September 6, 2006 to January 5, 2007: 220 hours
January 6, 2007 to April 12, 2007; 159 hours
April 14 to July 3, 2007; 28 hours.

The overtime hours will be apportioned as follows:

Grant:                   23.75 hours
Gomez:       23.75 hours
Stipes:        23.75 hours
Rawlins:     23.75 hours
Robinson:   23.75 hours
Barajas:      23.75 hours
Dekker:       23.75 hours
Garday:      23.75 hours
Redmond:   23.75 hours
Wagner:      23.75 hours
Halbeisen:   23.75 hours
Vandiver:    23.75 hours
Cicioria:      23.75 hours
Gonzalez:    23.75 hours
Peralta:       23.75 hours
Akers:           9.10 hours
Barela:          9.10 hours
Hernandez:   9.10 hours
Montiel:        9.10 hours
Peterson:       9.10 hours
Hamilton:     1.25 hours
Laskowski:   1.25 hours
Ortiz:            1.25 hours
Barber:         1.25 hours


As part of their requested remedy, the Union has petitioned for reasonable Attorney fees and expenses.  The Arbitrator also spent considerable time in researching this issue and reviewing the petition submitted by Union Counsel.  The Arbitrator concludes that a substantial portion (but not all) of the fees and expenses are justified, and recoverable under the back pay act as amended by the Civil Service Reform Act in 1979.

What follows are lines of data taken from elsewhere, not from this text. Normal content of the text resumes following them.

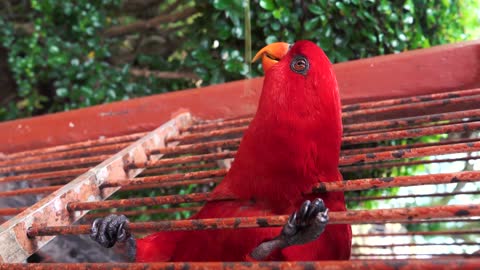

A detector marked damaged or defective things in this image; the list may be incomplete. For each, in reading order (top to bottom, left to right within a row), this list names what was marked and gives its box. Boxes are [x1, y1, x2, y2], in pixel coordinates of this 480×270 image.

rusty metal bar [344, 87, 480, 111]
rusty metal bar [4, 131, 146, 160]
rusty metal bar [125, 152, 234, 169]
rusty metal bar [340, 140, 478, 166]
rusty metal bar [344, 108, 480, 134]
rusty metal bar [344, 121, 480, 146]
rusty metal bar [0, 113, 193, 262]
rusty metal bar [66, 171, 480, 211]
rusty metal bar [27, 205, 480, 236]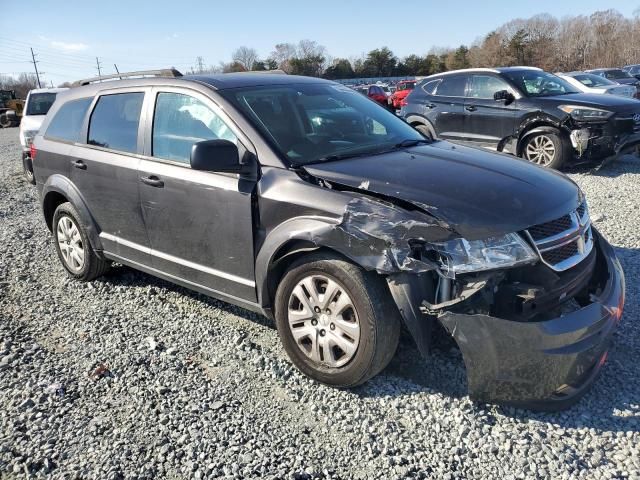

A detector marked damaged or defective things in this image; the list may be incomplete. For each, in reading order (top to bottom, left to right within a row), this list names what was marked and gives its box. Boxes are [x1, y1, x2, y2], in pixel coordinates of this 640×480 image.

damaged headlight [556, 105, 612, 122]
damaged gray suv [32, 70, 624, 408]
crumpled hood [302, 142, 584, 240]
damaged headlight [432, 232, 536, 274]
damaged front bumper [438, 231, 624, 410]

As a starting point, the Arbitrator finds that the Union was the prevailing party in this matter.  The Agency clearly violated and disregarded the negotiated procedure for assignment and distribution of overtime in the bargaining unit.  Further, as concluded earlier, the Agency severely prejudiced the Union’s ability to prepare and present their case by unreasonably withholding relevant and necessary documents.

Upon review of the expenses submitted by Union Counsel, the Arbitrator finds them to be reasonable and related to the conduct of the case.  Therefore the expenses shall be allowed in full.  Likewise, the hourly rate billed appeared to be reasonable.  However, the Arbitrator is reducing the amount of the Attorney fees for three reasons. 

First, although the Union was the prevailing party in this matter, the remedy requested was greatly reduced from the Union’s requested remedy of over 26,000 hours to 407 hours distributed to twenty-five members of the bargaining unit.  Secondly, the Union’s selection of an out-of-state attorney led to a substantial number (approximately 30% of the total) of travel hours.  In the Arbitrator’s opinion, the Agency should only be liable for the hours that would have reasonably been billed by a local attorney.  Third, based on the Arbitrator’s own experience acting as an advocate in similar cases, the amount of study and write-up time for the briefs seemed slightly excessive.

The amount of billable time is therefore reduced from 150.7 hours to 108.7 hours, or $21,740.  An additional amount of $1606.82 in expenses is also awarded.  The total amount of approved Attorney fees and expenses is $23,346.82.


The Agency violated the Master Agreement when assigning overtime in the Unicor Department from September 2006 thru July 2007.  The grievance is sustained.  The remedy is as stated above.  As stipulated by the parties, the Arbitrator shall retain jurisdiction regarding remedy for a period of 60 days from the date of the award.